TASK ITEM >>
In the answer, give the entries below exactly, from the first line through the line with "Backlit computer keyboard", with every picture omitted.

RECORDS PROVIDED START

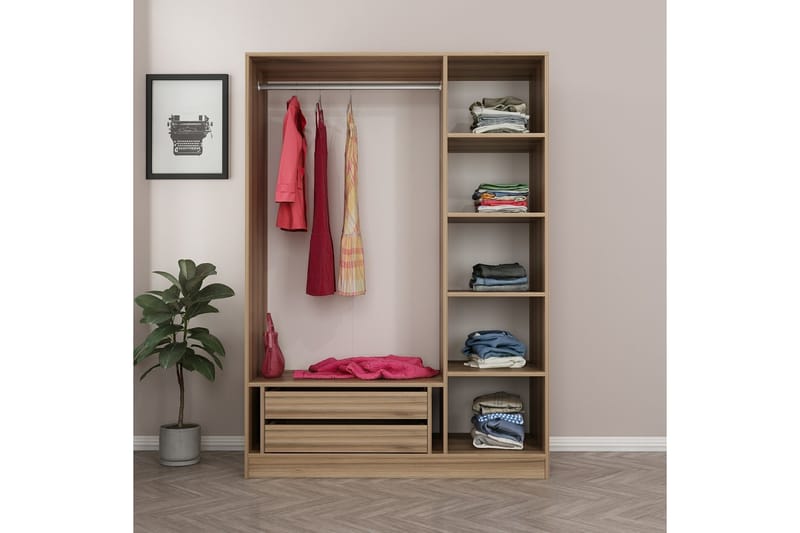 Garderobe Cambrian 135 cm - Brun - Oppbevaring - Garderober & garderobesystem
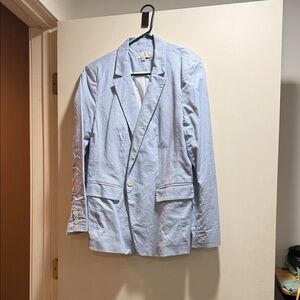 LOFT Striped Blue and White Blazer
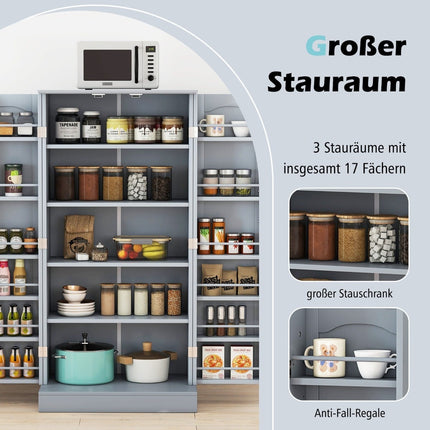 Kitchen Cabinet with 2 Doors & Adjustable Shelves, Gray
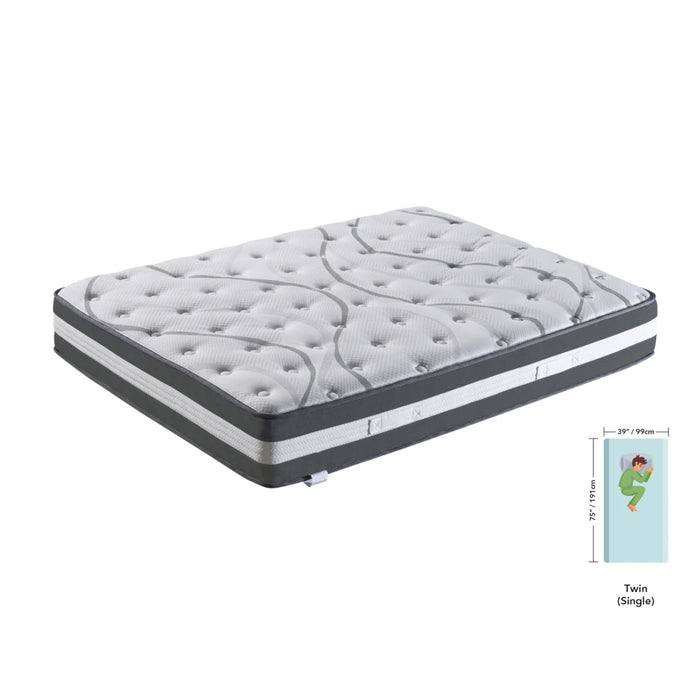 12 Inches Thick Hybrid Pocket Spring Mattress Comfortable Cover Anti-Fire Foam King/Queen/Full/Twin 4 Sizes[US-W]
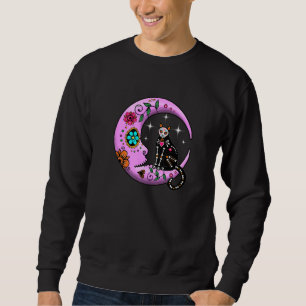 Sugar Skull Cat & Moon Dia De Los Muertos Day Of D Sweatshirt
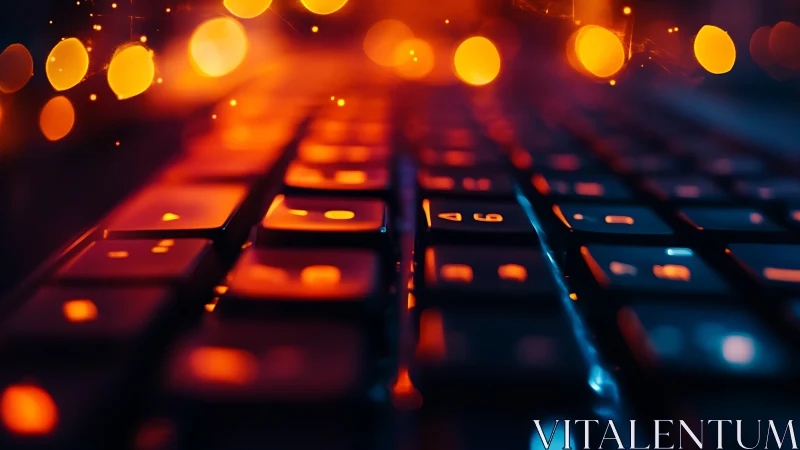 Backlit computer keyboard with orange bokeh highlights.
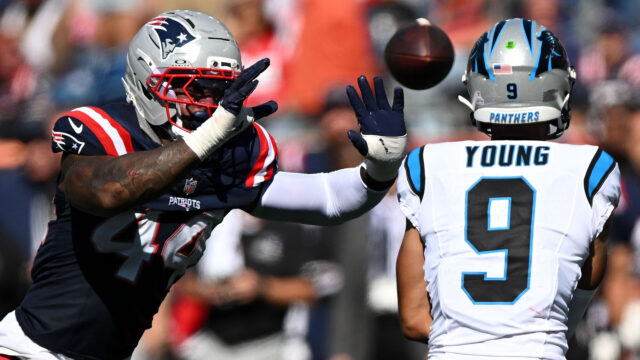 New England Patriots linebacker K'Lavon Chaisson and Carolina Panthers quarterback Bryce Young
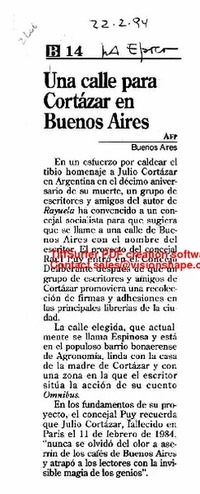 Una Calle para Cortázar en Buenos Aires.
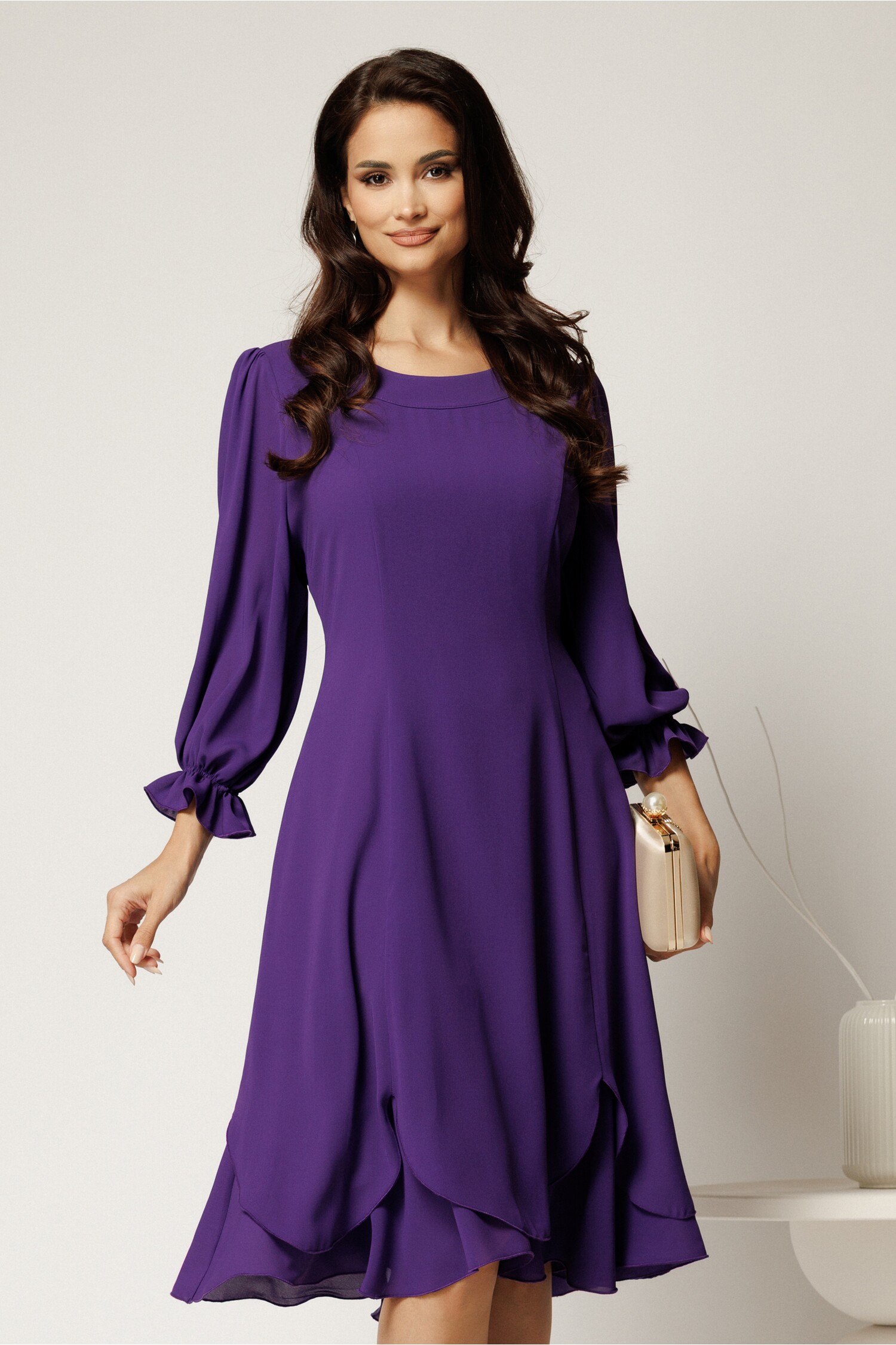 Rochie Midi Mov Voal Cununie Civilă Elegantă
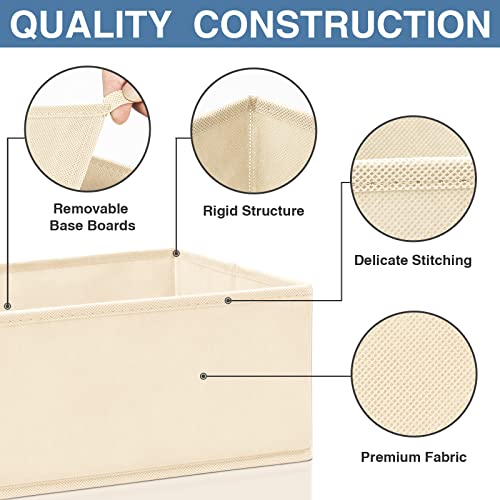Criusia Drawer Organizer Clothes 12 Pack, Dresser Organizer for Nursery Bedroom Closet Organization and Storage - Baby Clothes Organizer Bins - Drawer Divider for Sock Underwear Bra Ties (Beige) - Image 5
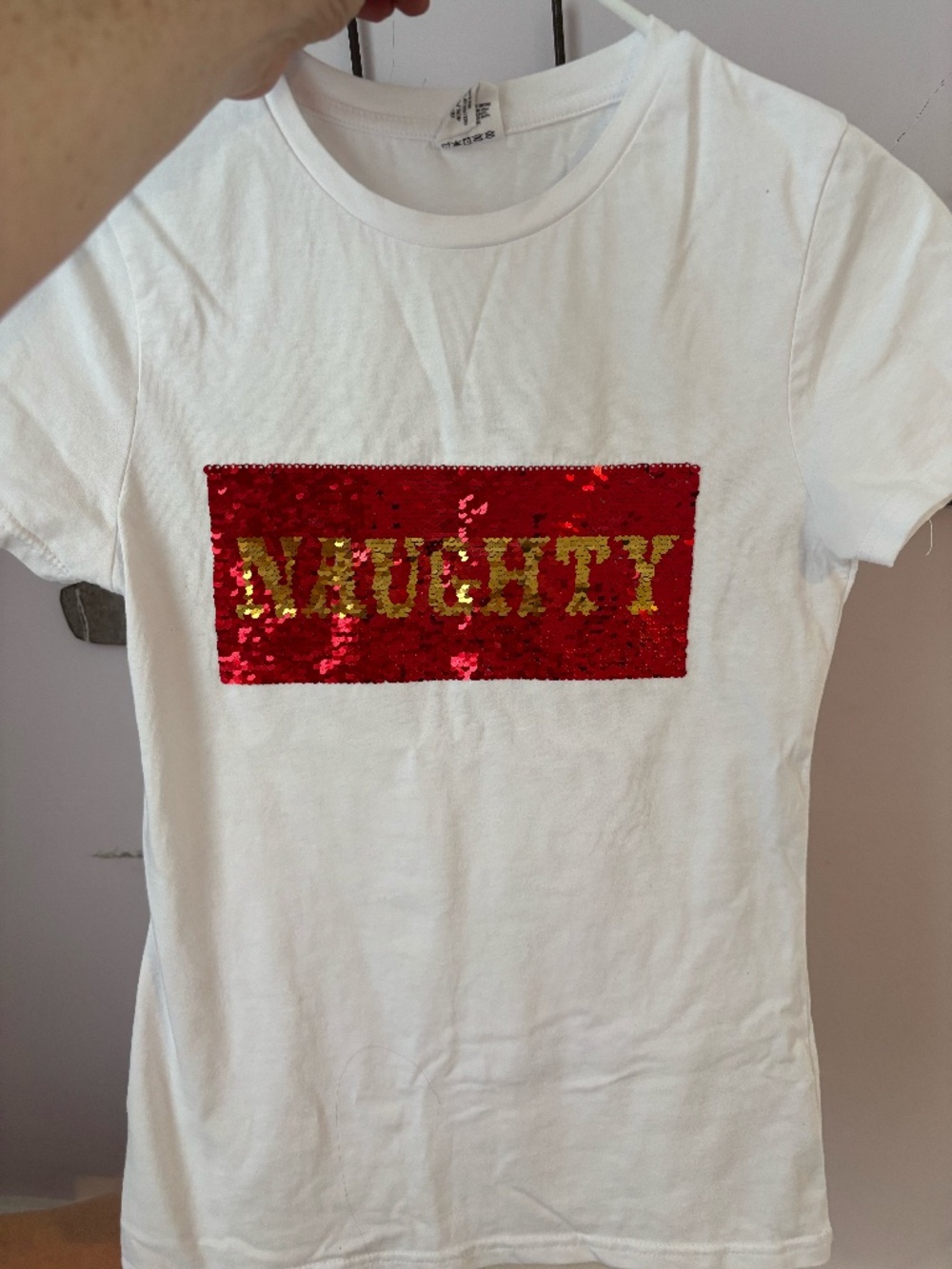 Christmas "naughty/nice" flippy tee shirt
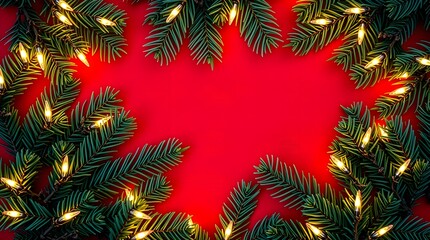 Christmas tree with festive ornaments on a red background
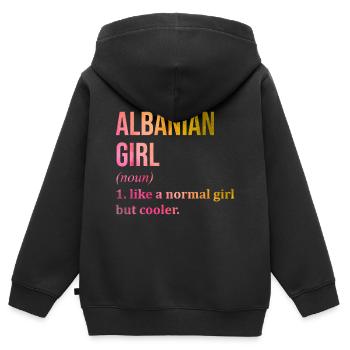 Albanien, Albanien, Albanien - Kinder Premium Organic Zip Hoodie - Schwarz - Hinten - AI Model Kid Male (0cm)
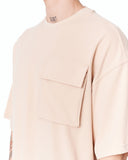 Utility Pocket Oversized Beige T-Shirt in soft beige cotton style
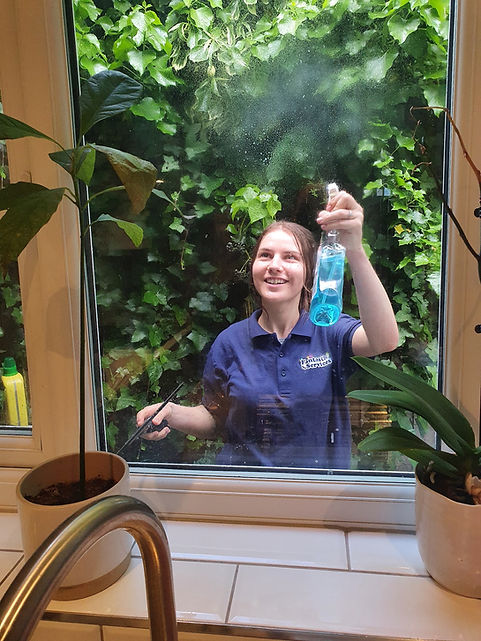 Female cleaner spraying glass cleaner onto a window pane with house plants in the foreground and a lush green wall backdrop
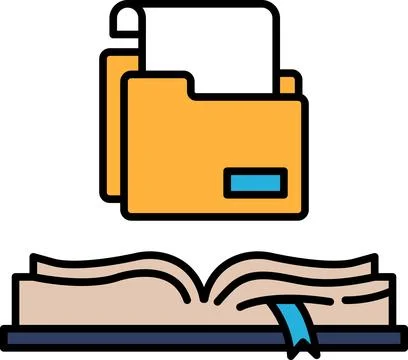 A folder is shown with a book open to the page with the folder Stock Illustration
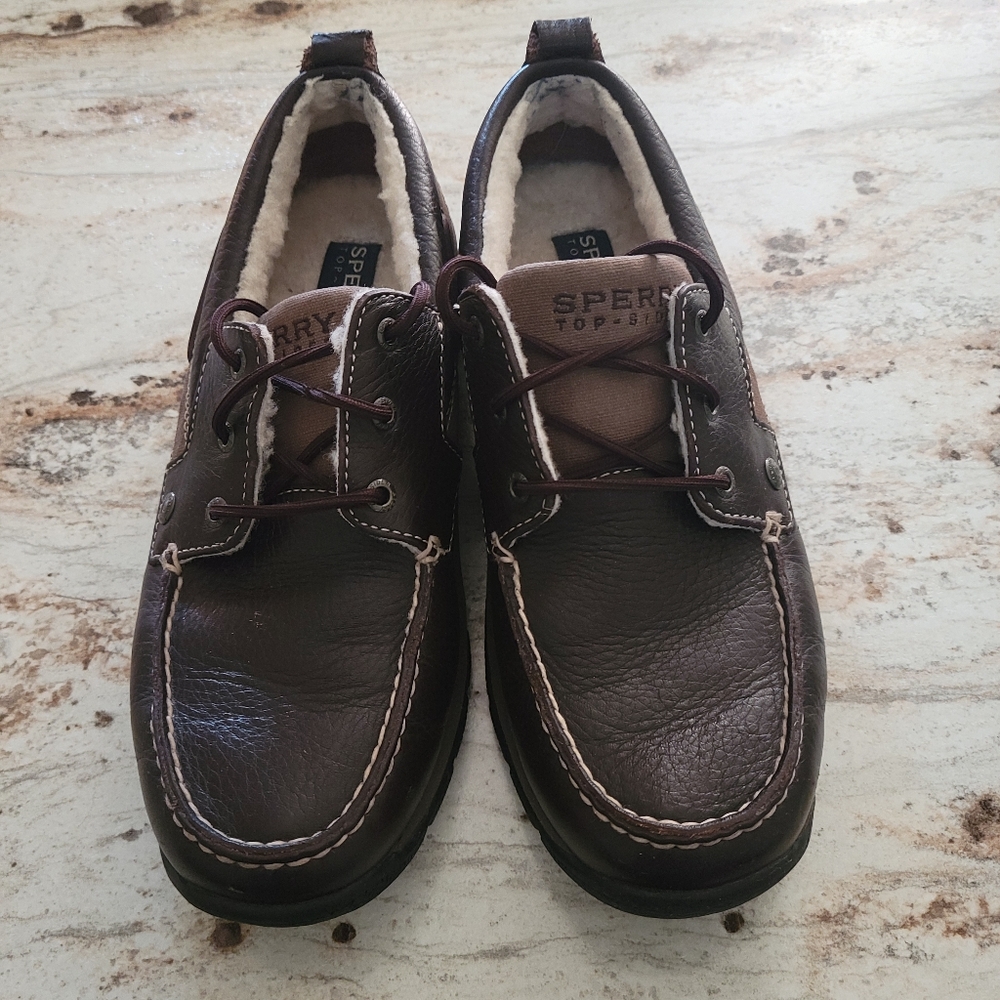 Sperry Women's Dark Brown Leather Boat Shoes, Size 9.5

RECORDS PROVIDED END

ANSWER BELOW >>
 Garderobe Cambrian 135 cm - Brun - Oppbevaring - Garderober & garderobesystem
 LOFT Striped Blue and White Blazer
 Kitchen Cabinet with 2 Doors & Adjustable Shelves, Gray
 12 Inches Thick Hybrid Pocket Spring Mattress Comfortable Cover Anti-Fire Foam King/Queen/Full/Twin 4 Sizes[US-W]
 Sugar Skull Cat & Moon Dia De Los Muertos Day Of D Sweatshirt
 Backlit computer keyboard with orange bokeh highlights.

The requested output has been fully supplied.